INFORMATION SHOWN:
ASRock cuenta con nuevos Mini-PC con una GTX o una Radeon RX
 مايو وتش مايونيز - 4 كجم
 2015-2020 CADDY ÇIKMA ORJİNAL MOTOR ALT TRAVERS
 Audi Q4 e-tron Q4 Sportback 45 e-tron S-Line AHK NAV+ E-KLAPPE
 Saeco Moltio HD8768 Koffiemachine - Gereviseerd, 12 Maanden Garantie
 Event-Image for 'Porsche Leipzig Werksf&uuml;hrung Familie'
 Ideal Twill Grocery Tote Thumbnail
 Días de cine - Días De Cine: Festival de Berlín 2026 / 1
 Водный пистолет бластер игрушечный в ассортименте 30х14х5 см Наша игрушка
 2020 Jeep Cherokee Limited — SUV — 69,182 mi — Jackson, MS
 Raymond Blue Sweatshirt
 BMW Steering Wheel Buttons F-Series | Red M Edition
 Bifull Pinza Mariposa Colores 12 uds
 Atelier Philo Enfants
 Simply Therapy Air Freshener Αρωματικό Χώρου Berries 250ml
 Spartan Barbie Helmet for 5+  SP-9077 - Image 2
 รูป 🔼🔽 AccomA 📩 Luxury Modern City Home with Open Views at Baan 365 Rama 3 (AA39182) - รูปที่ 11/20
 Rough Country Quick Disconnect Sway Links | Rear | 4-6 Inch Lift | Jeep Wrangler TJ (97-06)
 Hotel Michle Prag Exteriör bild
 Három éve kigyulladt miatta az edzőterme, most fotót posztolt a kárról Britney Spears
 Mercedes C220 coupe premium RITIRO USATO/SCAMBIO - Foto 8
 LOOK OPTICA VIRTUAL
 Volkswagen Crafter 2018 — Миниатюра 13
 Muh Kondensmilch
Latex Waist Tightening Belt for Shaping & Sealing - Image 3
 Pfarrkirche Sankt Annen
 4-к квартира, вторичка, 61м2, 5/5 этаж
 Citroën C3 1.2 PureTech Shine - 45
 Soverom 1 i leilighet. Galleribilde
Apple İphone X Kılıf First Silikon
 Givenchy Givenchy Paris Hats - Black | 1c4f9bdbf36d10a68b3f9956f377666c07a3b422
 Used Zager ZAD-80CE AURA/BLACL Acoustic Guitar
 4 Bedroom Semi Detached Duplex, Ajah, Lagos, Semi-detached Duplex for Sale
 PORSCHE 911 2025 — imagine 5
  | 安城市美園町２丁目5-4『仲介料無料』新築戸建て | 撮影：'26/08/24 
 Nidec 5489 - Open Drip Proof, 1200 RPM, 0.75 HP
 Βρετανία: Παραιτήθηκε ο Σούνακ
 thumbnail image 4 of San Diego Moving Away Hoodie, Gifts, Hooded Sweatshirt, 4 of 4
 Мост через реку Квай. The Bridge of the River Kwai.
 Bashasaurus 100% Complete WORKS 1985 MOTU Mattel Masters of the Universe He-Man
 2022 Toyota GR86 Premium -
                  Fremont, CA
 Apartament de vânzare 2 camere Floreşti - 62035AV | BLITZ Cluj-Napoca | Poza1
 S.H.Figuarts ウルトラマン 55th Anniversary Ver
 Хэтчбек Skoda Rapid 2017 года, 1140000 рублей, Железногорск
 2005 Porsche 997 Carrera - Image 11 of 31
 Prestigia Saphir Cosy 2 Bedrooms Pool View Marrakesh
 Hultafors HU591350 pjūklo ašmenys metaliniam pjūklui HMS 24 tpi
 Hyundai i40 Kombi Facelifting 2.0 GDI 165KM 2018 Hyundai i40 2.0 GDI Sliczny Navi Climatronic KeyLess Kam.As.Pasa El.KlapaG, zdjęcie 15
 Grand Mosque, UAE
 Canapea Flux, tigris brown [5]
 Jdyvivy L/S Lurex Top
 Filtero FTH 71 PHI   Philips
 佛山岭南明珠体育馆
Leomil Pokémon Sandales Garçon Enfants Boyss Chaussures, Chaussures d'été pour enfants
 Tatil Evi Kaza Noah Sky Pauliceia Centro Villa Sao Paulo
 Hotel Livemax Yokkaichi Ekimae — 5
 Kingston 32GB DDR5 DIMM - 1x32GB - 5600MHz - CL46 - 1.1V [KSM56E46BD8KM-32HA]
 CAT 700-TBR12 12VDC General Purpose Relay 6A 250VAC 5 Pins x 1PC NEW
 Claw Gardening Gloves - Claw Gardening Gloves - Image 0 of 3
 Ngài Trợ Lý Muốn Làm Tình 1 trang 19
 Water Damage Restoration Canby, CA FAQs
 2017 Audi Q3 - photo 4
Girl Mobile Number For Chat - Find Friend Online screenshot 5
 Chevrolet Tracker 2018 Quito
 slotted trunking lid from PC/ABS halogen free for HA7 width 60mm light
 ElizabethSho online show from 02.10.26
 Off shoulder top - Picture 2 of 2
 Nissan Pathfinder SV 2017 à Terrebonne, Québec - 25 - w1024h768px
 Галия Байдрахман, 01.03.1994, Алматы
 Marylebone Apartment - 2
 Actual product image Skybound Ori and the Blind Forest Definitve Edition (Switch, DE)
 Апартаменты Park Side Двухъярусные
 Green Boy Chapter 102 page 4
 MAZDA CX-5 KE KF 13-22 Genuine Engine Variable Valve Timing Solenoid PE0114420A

WORK TO COMPLETE: Retype every line of the listing exactly as it appears.

SOLUTION TO THIS PROBLEM:
ASRock cuenta con nuevos Mini-PC con una GTX o una Radeon RX
 مايو وتش مايونيز - 4 كجم
 2015-2020 CADDY ÇIKMA ORJİNAL MOTOR ALT TRAVERS
 Audi Q4 e-tron Q4 Sportback 45 e-tron S-Line AHK NAV+ E-KLAPPE
 Saeco Moltio HD8768 Koffiemachine - Gereviseerd, 12 Maanden Garantie
 Event-Image for 'Porsche Leipzig Werksf&uuml;hrung Familie'
 Ideal Twill Grocery Tote Thumbnail
 Días de cine - Días De Cine: Festival de Berlín 2026 / 1
 Водный пистолет бластер игрушечный в ассортименте 30х14х5 см Наша игрушка
 2020 Jeep Cherokee Limited — SUV — 69,182 mi — Jackson, MS
 Raymond Blue Sweatshirt
 BMW Steering Wheel Buttons F-Series | Red M Edition
 Bifull Pinza Mariposa Colores 12 uds
 Atelier Philo Enfants
 Simply Therapy Air Freshener Αρωματικό Χώρου Berries 250ml
 Spartan Barbie Helmet for 5+  SP-9077 - Image 2
 รูป 🔼🔽 AccomA 📩 Luxury Modern City Home with Open Views at Baan 365 Rama 3 (AA39182) - รูปที่ 11/20
 Rough Country Quick Disconnect Sway Links | Rear | 4-6 Inch Lift | Jeep Wrangler TJ (97-06)
 Hotel Michle Prag Exteriör bild
 Három éve kigyulladt miatta az edzőterme, most fotót posztolt a kárról Britney Spears
 Mercedes C220 coupe premium RITIRO USATO/SCAMBIO - Foto 8
 LOOK OPTICA VIRTUAL
 Volkswagen Crafter 2018 — Миниатюра 13
 Muh Kondensmilch
Latex Waist Tightening Belt for Shaping & Sealing - Image 3
 Pfarrkirche Sankt Annen
 4-к квартира, вторичка, 61м2, 5/5 этаж
 Citroën C3 1.2 PureTech Shine - 45
 Soverom 1 i leilighet. Galleribilde
Apple İphone X Kılıf First Silikon
 Givenchy Givenchy Paris Hats - Black | 1c4f9bdbf36d10a68b3f9956f377666c07a3b422
 Used Zager ZAD-80CE AURA/BLACL Acoustic Guitar
 4 Bedroom Semi Detached Duplex, Ajah, Lagos, Semi-detached Duplex for Sale
 PORSCHE 911 2025 — imagine 5
  | 安城市美園町２丁目5-4『仲介料無料』新築戸建て | 撮影：'26/08/24 
 Nidec 5489 - Open Drip Proof, 1200 RPM, 0.75 HP
 Βρετανία: Παραιτήθηκε ο Σούνακ
 thumbnail image 4 of San Diego Moving Away Hoodie, Gifts, Hooded Sweatshirt, 4 of 4
 Мост через реку Квай. The Bridge of the River Kwai.
 Bashasaurus 100% Complete WORKS 1985 MOTU Mattel Masters of the Universe He-Man
 2022 Toyota GR86 Premium -
                  Fremont, CA
 Apartament de vânzare 2 camere Floreşti - 62035AV | BLITZ Cluj-Napoca | Poza1
 S.H.Figuarts ウルトラマン 55th Anniversary Ver
 Хэтчбек Skoda Rapid 2017 года, 1140000 рублей, Железногорск
 2005 Porsche 997 Carrera - Image 11 of 31
 Prestigia Saphir Cosy 2 Bedrooms Pool View Marrakesh
 Hultafors HU591350 pjūklo ašmenys metaliniam pjūklui HMS 24 tpi
 Hyundai i40 Kombi Facelifting 2.0 GDI 165KM 2018 Hyundai i40 2.0 GDI Sliczny Navi Climatronic KeyLess Kam.As.Pasa El.KlapaG, zdjęcie 15
 Grand Mosque, UAE
 Canapea Flux, tigris brown [5]
 Jdyvivy L/S Lurex Top
 Filtero FTH 71 PHI   Philips
 佛山岭南明珠体育馆
Leomil Pokémon Sandales Garçon Enfants Boyss Chaussures, Chaussures d'été pour enfants
 Tatil Evi Kaza Noah Sky Pauliceia Centro Villa Sao Paulo
 Hotel Livemax Yokkaichi Ekimae — 5
 Kingston 32GB DDR5 DIMM - 1x32GB - 5600MHz - CL46 - 1.1V [KSM56E46BD8KM-32HA]
 CAT 700-TBR12 12VDC General Purpose Relay 6A 250VAC 5 Pins x 1PC NEW
 Claw Gardening Gloves - Claw Gardening Gloves - Image 0 of 3
 Ngài Trợ Lý Muốn Làm Tình 1 trang 19
 Water Damage Restoration Canby, CA FAQs
 2017 Audi Q3 - photo 4
Girl Mobile Number For Chat - Find Friend Online screenshot 5
 Chevrolet Tracker 2018 Quito
 slotted trunking lid from PC/ABS halogen free for HA7 width 60mm light
 ElizabethSho online show from 02.10.26
 Off shoulder top - Picture 2 of 2
 Nissan Pathfinder SV 2017 à Terrebonne, Québec - 25 - w1024h768px
 Галия Байдрахман, 01.03.1994, Алматы
 Marylebone Apartment - 2
 Actual product image Skybound Ori and the Blind Forest Definitve Edition (Switch, DE)
 Апартаменты Park Side Двухъярусные
 Green Boy Chapter 102 page 4
 MAZDA CX-5 KE KF 13-22 Genuine Engine Variable Valve Timing Solenoid PE0114420A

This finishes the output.